Depuis 1994 le CIDE soutient sous forme de parrainage une association locale russe basée à Saint-Pétersbourg, qui agit auprès de ces enfants.
1994 : Enquête au Mali sur le sort d’enfants emprisonnés
Au Mali, dans la prison centrale de Bamako, de graves violations des droits de l’enfant ont été mises à jour par une équipe d’enquêteurs du CIDE.
Ceux-ci ont découvert que des abus sexuels sont perpétrés sur des mineurs en détention par d’autres détenus qui en ont la garde. Par ailleurs, bon nombre d’enfants emprisonnés n’ont pas accès aux soins indispensables auxquels ils ont droit.
Le CIDE a interpellé le gouvernement du Mali ainsi que plusieurs instances internationales pour dénoncer ces violations des droits de l’enfant.
1995 : Affaire « Nice-Monaco »
Cette affaire « Nice-Monaco » met en cause au moins trois enfants qui ont été victimes d’un important et puissant réseau pédophile basé principalement dans le sud de la France. Les enquêteurs et tous les experts du CIDE ont été mobilisés. Il est apparu de graves dysfonctionnements de la justice française. Les échos parus dans la presse internationale ont fait état de ces dysfonctionnements et des tissus de protection dont bénéficient parfois certains réseaux pédophiles.

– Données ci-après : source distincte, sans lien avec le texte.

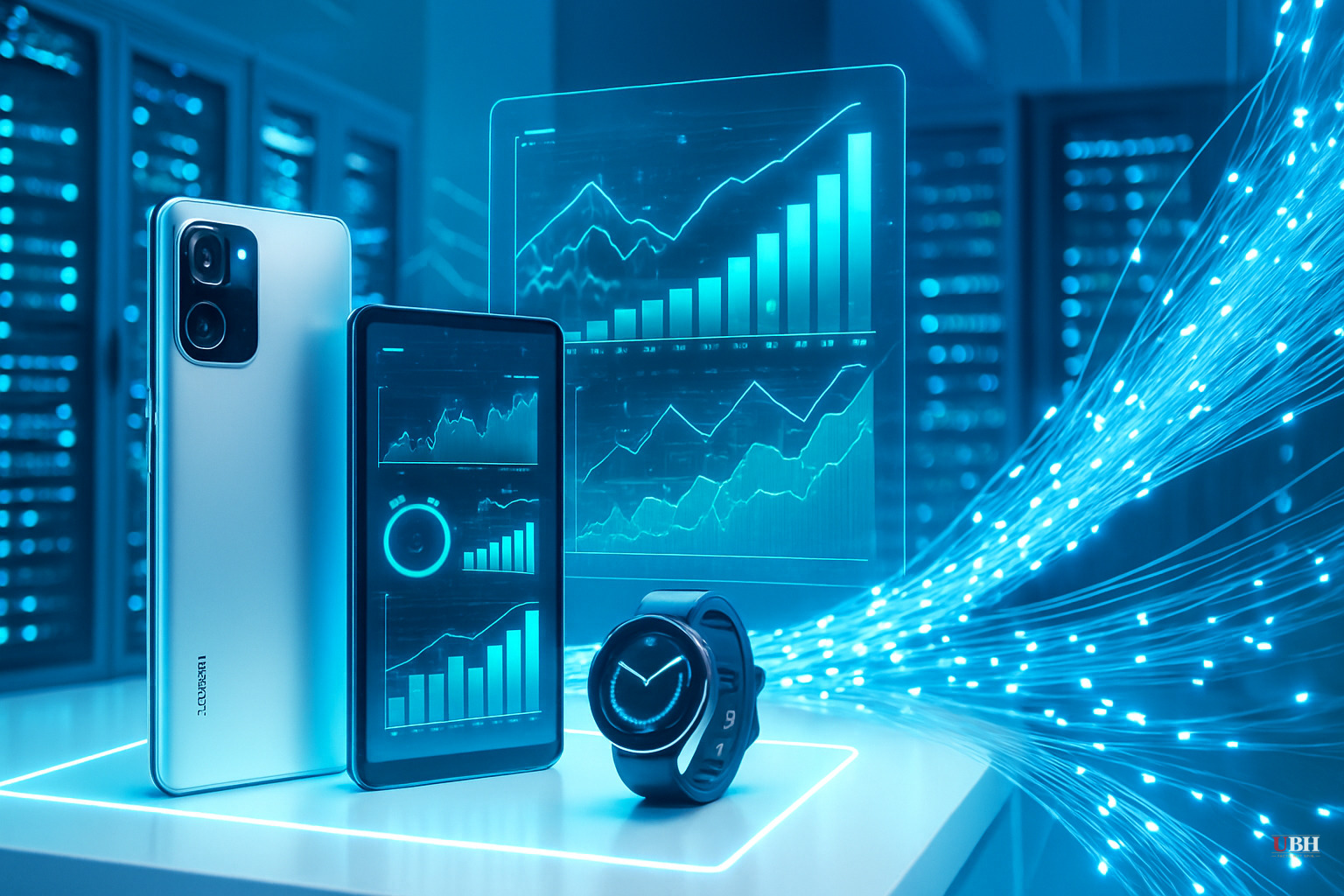 Xiaomi Posted Record Revenue and Profit in FY2025 — Hedge Funds Are Betting Against It Anyway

1995-97 : Cassettes par centaines
A la suite de la découverte, à Zurich, d’un stock de cassettes vidéo pornographiques mettant en scène des enfants, le CIDE a pu mettre à la disposition de la justice de ce canton un important dossier relevant les très graves agissements d’un ressortissant allemand qui a été arrêté en Tchéquie. Grâce à la collaboration avec d’autres ONG et une enquête minutieuse, il a été possible de mettre en parallèle d’autres agissements délictueux de cet individu, notamment aux Philippines où il a abusé de plusieurs mineurs.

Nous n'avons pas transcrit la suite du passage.